> **Activity**: After locating the line that holds "ALEXANDRIA KNOLLS - Residential", copy that line and all that follow it word for word through the end of the data, with no pictures.
The records Block Start
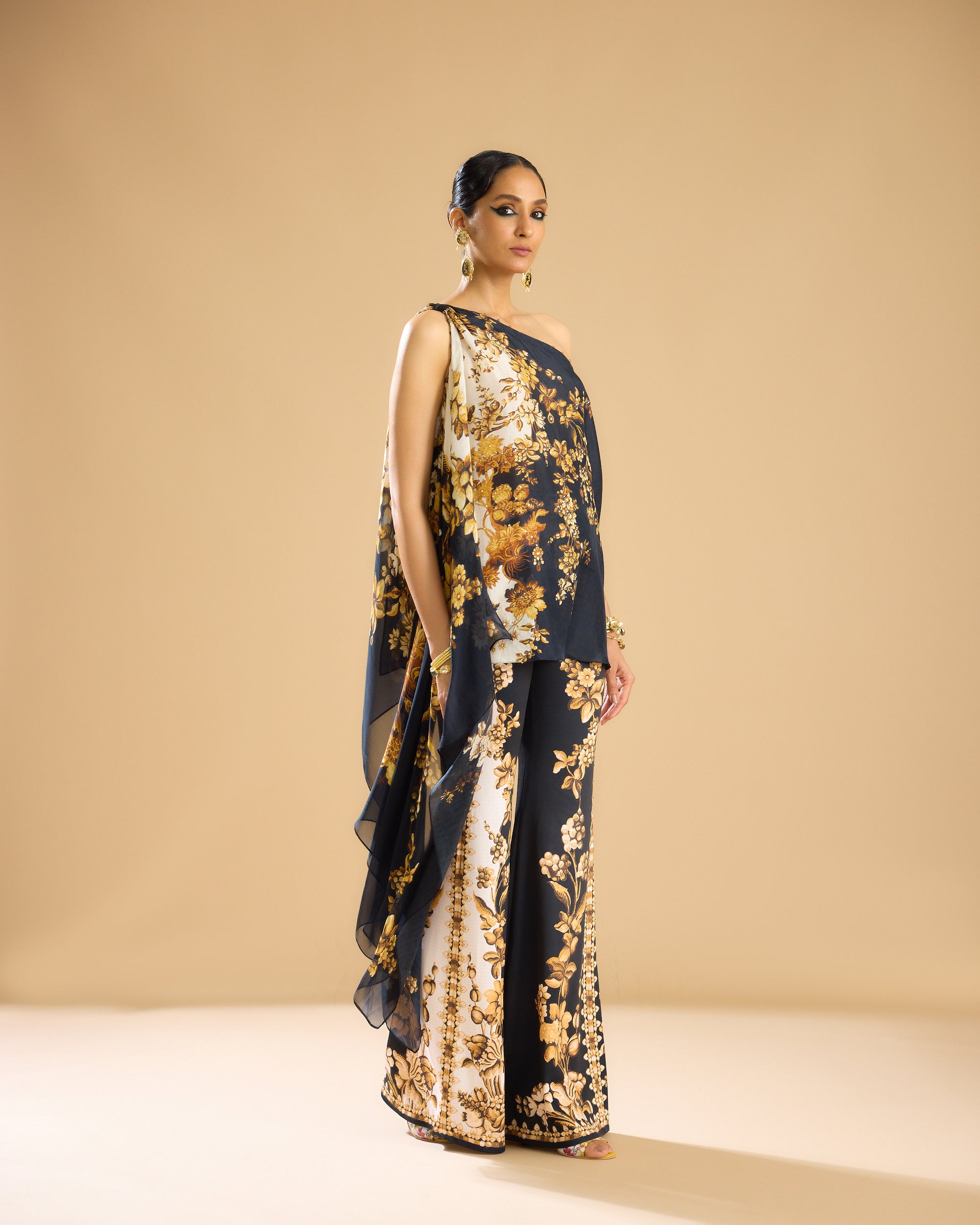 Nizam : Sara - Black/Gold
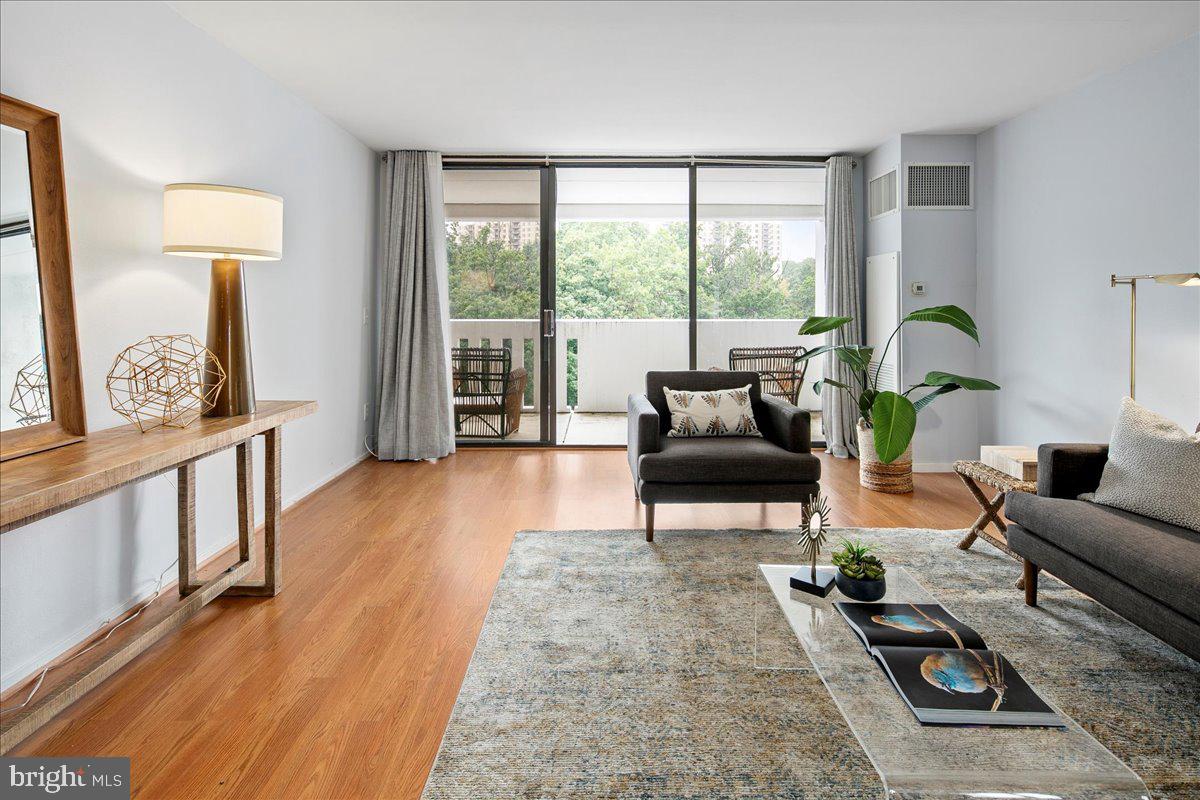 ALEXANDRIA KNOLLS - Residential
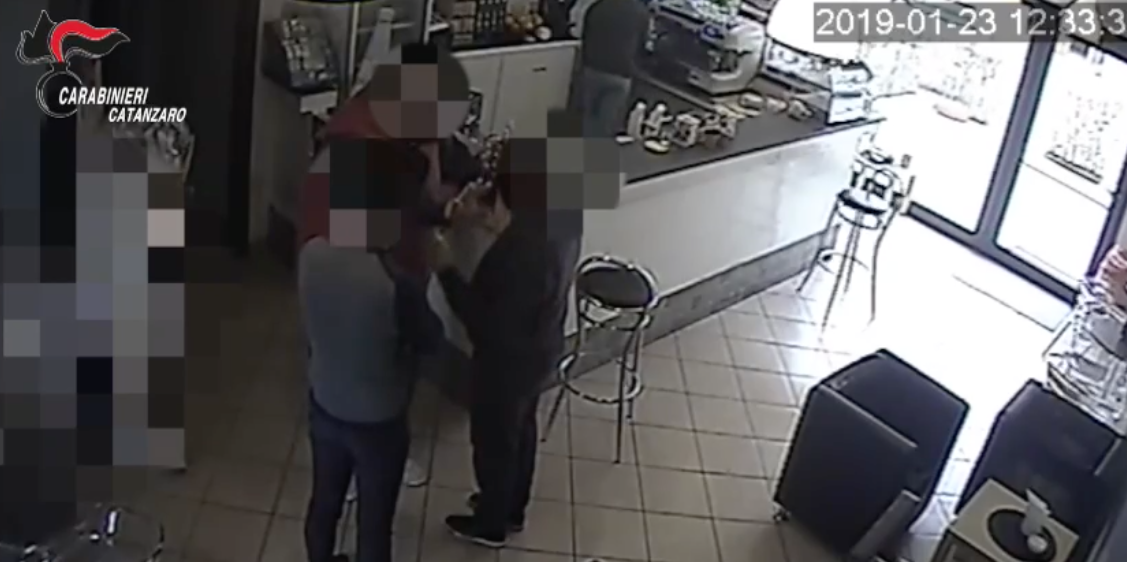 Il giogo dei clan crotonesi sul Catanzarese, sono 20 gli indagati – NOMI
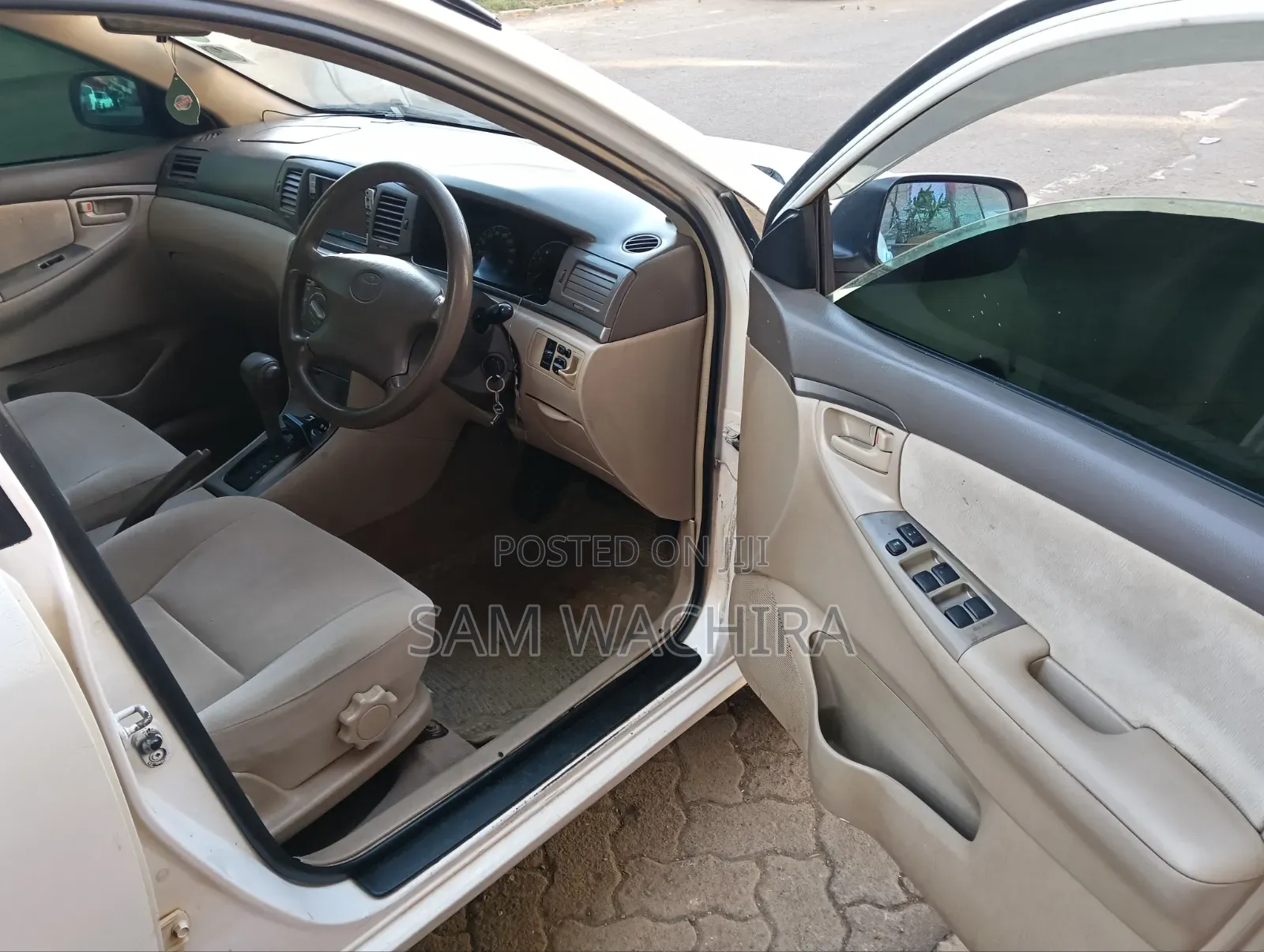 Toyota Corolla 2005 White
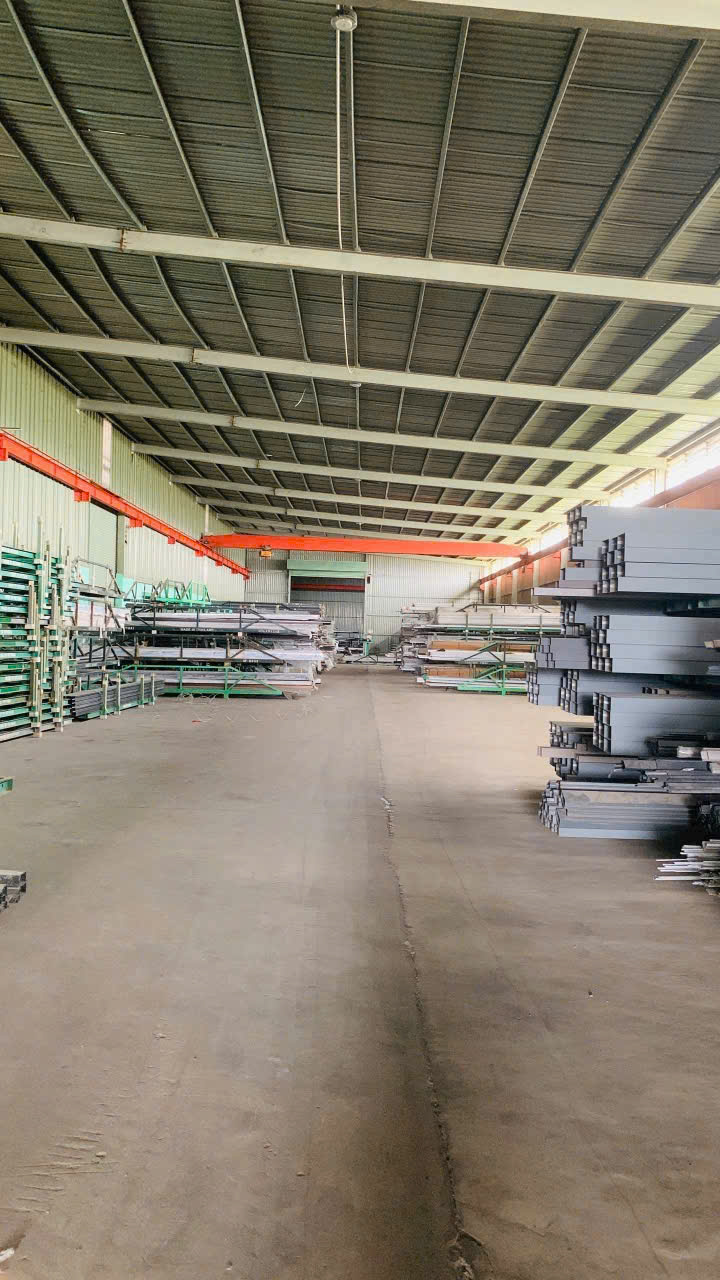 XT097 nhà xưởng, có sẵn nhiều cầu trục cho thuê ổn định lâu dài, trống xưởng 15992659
The records Block End
> **Response for this exercise**:
 ALEXANDRIA KNOLLS - Residential
 Il giogo dei clan crotonesi sul Catanzarese, sono 20 gli indagati – NOMI
 Toyota Corolla 2005 White
 XT097 nhà xưởng, có sẵn nhiều cầu trục cho thuê ổn định lâu dài, trống xưởng 15992659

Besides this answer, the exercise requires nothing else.